Таким образом, рассмотрение многочисленных толкований термина гомонойя, как в древние времена, так и в наше время, а также действий и помыслов Александра, подтверждаемых документально, при учете анализа его действий, проведенного профессиональными исследователями-антиковедами, не дает оснований говорить о том, что:

1) Александр Македонский или кто-либо еще понимал гомонойю как единство людей в разуме. Все толкования и использование термина говорят о том, что он понимался как согласие, единодушие (каковые не противоречат единству в разуме, но им и не определяются), необходимые для решения определенных задач.

2) Александр стремился к всемирному братству и единству людей просто по определению. Насколько можно судить по имеющимся источникам, критериями согласия и единства для Македонского было подчинение людей вводимым им лично правилам и законам. И безусловный приоритет интересов империи над интересами отдельных личностей.
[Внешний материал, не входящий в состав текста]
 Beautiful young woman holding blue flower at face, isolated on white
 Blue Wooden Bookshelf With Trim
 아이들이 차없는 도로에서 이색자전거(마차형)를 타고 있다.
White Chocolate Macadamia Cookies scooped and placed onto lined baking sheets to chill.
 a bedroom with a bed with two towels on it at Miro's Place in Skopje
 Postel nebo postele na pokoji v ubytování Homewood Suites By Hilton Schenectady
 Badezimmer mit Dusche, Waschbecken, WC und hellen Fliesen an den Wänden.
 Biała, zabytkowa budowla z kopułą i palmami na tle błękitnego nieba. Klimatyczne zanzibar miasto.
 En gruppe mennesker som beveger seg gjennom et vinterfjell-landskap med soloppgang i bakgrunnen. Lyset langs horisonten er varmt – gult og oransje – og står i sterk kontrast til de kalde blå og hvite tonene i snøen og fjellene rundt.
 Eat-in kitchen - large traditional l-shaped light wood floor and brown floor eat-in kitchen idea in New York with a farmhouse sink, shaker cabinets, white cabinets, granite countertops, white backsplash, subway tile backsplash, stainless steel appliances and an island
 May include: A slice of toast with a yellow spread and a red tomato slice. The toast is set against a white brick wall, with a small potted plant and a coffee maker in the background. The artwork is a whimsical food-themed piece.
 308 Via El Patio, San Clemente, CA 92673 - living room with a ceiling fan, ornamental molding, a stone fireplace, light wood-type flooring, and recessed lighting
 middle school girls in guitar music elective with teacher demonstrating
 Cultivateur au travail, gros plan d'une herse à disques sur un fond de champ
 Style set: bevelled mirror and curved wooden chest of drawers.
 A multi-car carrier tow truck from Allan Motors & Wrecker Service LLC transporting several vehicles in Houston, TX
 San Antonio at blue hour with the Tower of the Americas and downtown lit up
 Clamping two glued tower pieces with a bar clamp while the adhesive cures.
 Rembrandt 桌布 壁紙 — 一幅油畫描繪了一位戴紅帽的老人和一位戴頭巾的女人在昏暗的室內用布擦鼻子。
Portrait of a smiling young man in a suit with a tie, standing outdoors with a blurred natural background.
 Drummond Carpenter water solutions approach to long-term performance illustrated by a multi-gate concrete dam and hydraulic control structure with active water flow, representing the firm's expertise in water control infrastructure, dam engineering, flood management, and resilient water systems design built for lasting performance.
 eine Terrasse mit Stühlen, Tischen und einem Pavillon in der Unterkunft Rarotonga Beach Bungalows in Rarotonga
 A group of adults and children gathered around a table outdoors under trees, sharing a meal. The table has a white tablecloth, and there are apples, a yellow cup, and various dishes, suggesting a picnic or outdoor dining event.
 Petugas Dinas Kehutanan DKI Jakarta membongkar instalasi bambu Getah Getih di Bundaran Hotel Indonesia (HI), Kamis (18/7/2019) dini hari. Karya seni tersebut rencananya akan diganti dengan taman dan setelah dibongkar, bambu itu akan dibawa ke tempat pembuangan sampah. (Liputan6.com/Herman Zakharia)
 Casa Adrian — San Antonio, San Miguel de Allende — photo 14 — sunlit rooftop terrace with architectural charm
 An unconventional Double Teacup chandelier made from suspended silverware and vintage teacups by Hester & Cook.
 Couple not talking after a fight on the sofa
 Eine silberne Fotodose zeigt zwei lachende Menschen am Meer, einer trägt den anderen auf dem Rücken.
Но, при этом, справедливо будет согласиться со словами И.Ш. Шифмана, который так закончил свою книгу об Александре: «Осталось стремление к объединению человечества, устранению этнических и культурных перегородок, чему в меру своих сил и в своих политических целях пытался содействовать Александр. Осталось то, что вне зависимости от его намерений способствовало экономическому и духовному прогрессу человечества».... Однако, не преувеличивая гуманистических намерений Александра, не перенося на него наши представления о справедливости, равенстве и братстве, которые позднее начали формировать стоики и которые так близки и дороги И.А. Ефремову и его идейным последователям, но отдавая должное тому конкретному, что этот, несомненно, великий человек действительно сделал для продвижения человечества по длинному и до сих пор не завершенному пути объединения в единое гуманистическое общество.

Источники

Аполлоний Родосский. Аргонавтика. М. Наука. 2001.

Аристотель. Никомахова этика. ЭКСМО — Пресс. М. 1997.

Арриан Флавий. Поход Александра. М. МИФ. 1993.

Ораторы Греции. М. Художественная литература, 1985 г.

Павсаний. Описание Эллады. М. 2002.

Плутарх. Александр. Избранные жизнеописания в двух томах. М. Правда.1987

Плутарх. О судьбе и доблести Александра — Издание: Плутарх Сравнительные жизнеописания. Трактаты и диалоги. М.1998.

Руф К.К. История Александра Македонского. М. МГУ. 1993.

Литература

Борухович В.Г. Значение терминов ГОМОНОЙЯ и ЭВНОЙЯ в публицистике и в политической литературе Афин II пол. IV в. до н. э. // Уч. зап. Горьковского гос. пед. ин-та ин. языков. 1957. № 5.

Лукиянов Ю.В. Александр Македонский и варвары (этюд из истории итальянской историографии). Материалы международной научной конференции 30 сентября — 2 октября 2002 г. — Уфа, 2002.

Маринович Л.П. Социально-политическая борьба и наемничество в Греции IV в. до н. э. в трактате Энея Тактика. Вестник древней истории, 1962, № 3.

Смирнова В.В. Некоторые проблемы истории эпохи Александра Македонского и эллинистического периода в современной буржуазной историографии. АМА. Вып. 6. Саратов, 1986.

Фролов Э.Д. Факел Прометея. Очерки античной общественной мысли. СПБГУ. 2004.

Шахермайр Ф. Александр Македонский. Послесловие Ботвинник М.Н., Нейхардт А.А. Москва, Наука. 1986.

Шифман И.Ш. Александр Македонский. Ленинград, Наука. 1988.

Шофман А.С. История античной Македонии, ч. I—II, Казань, 1960—1963.